▶ [Input records]
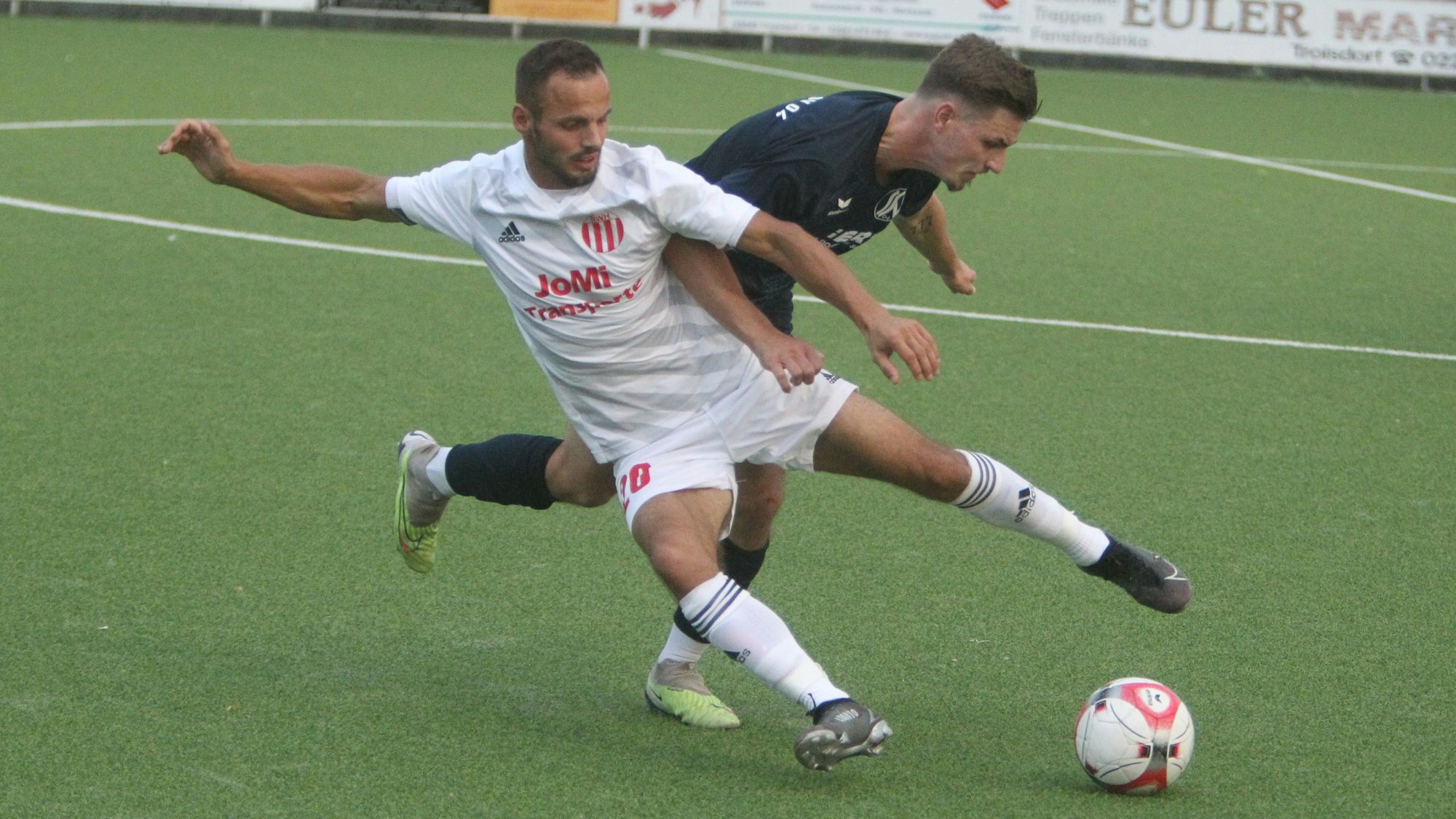 Edon Klinaku (vorne) von RW Hütte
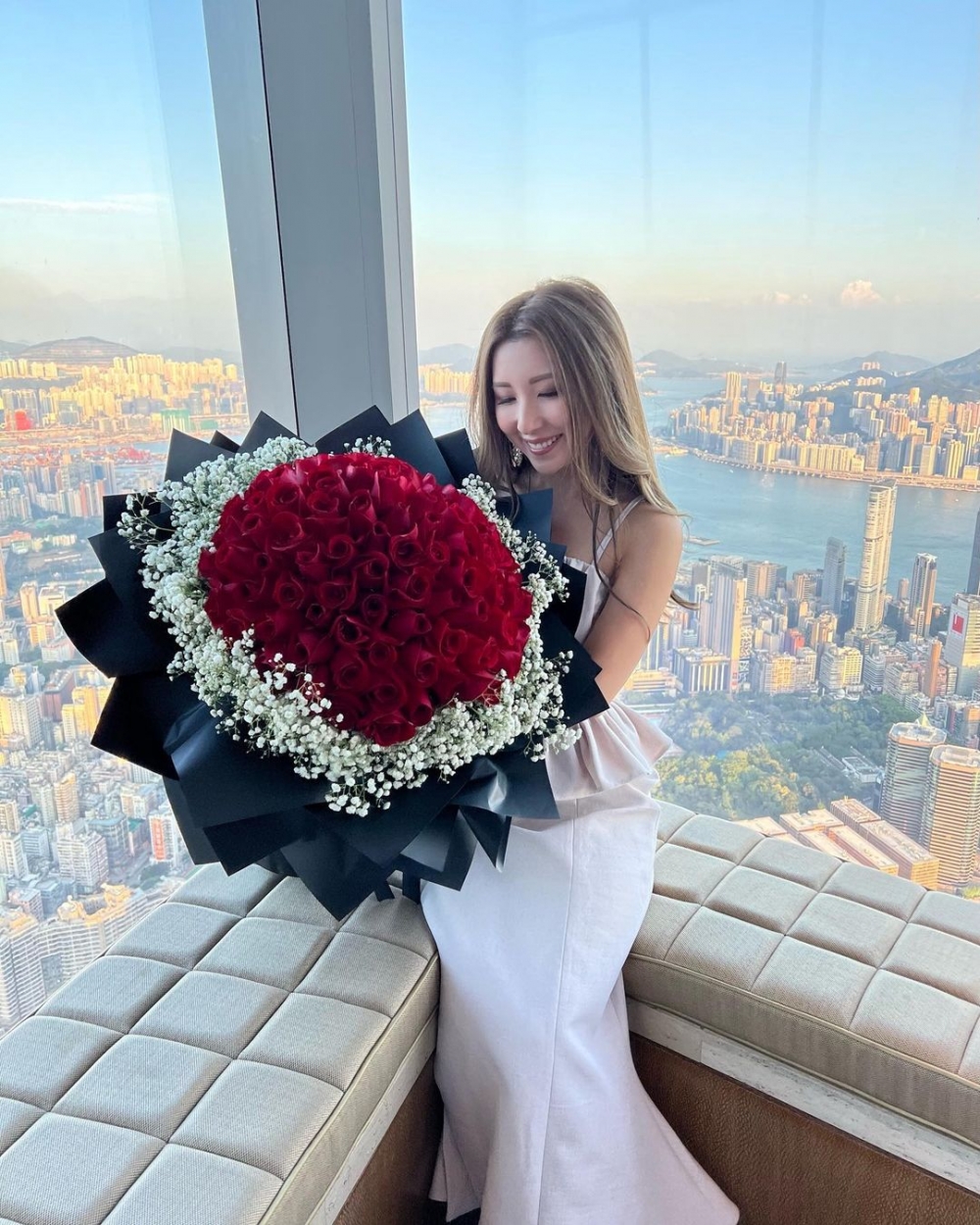 現年33歲嘅譚嘉儀入行11年，近年佢生活質素似乎提升唔少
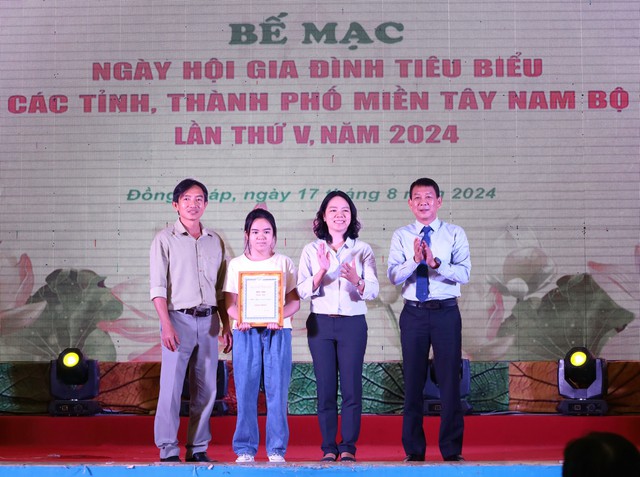 Bế mạc và trao giải Ngày hội Gia đình tiêu biểu các tỉnh, thành phố miền Tây Nam Bộ - Ảnh 2.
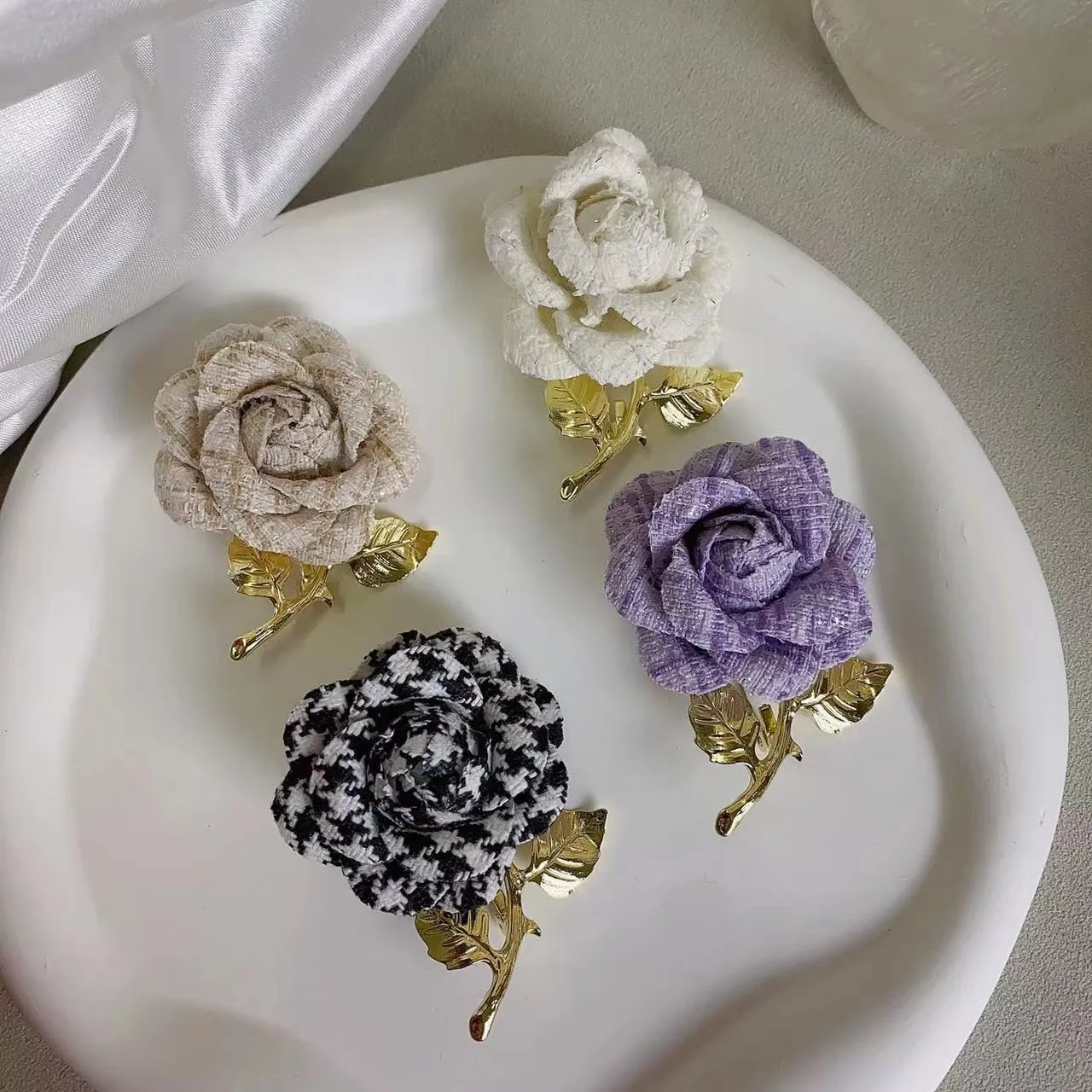 Women Girls Classic Elegant Cammelia Cloth Brooches Badges Fashion Vintage Lady Flower Plaid Party Wedding Pins Accessories
Women Girls Classic Elegant Cammelia Cloth Brooches Badges Fashion Vintage Lady Flower Plaid Party Wedding Pins Accessories
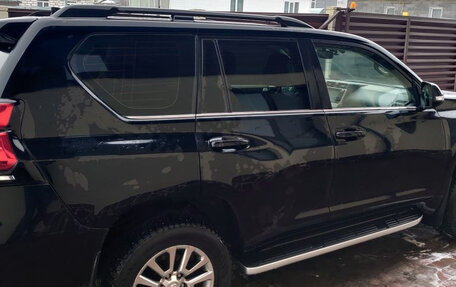 Toyota Land Cruiser Prado 150 рестайлинг 2, 2019 год, 4 700 000 рублей, 13 фотография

▶ [What this task involves] Through to the final line, copy the material above exactly and skip the images.

▶ [Response area]
 Edon Klinaku (vorne) von RW Hütte
 現年33歲嘅譚嘉儀入行11年，近年佢生活質素似乎提升唔少
 Bế mạc và trao giải Ngày hội Gia đình tiêu biểu các tỉnh, thành phố miền Tây Nam Bộ - Ảnh 2.
 Women Girls Classic Elegant Cammelia Cloth Brooches Badges Fashion Vintage Lady Flower Plaid Party Wedding Pins Accessories
Women Girls Classic Elegant Cammelia Cloth Brooches Badges Fashion Vintage Lady Flower Plaid Party Wedding Pins Accessories
 Toyota Land Cruiser Prado 150 рестайлинг 2, 2019 год, 4 700 000 рублей, 13 фотография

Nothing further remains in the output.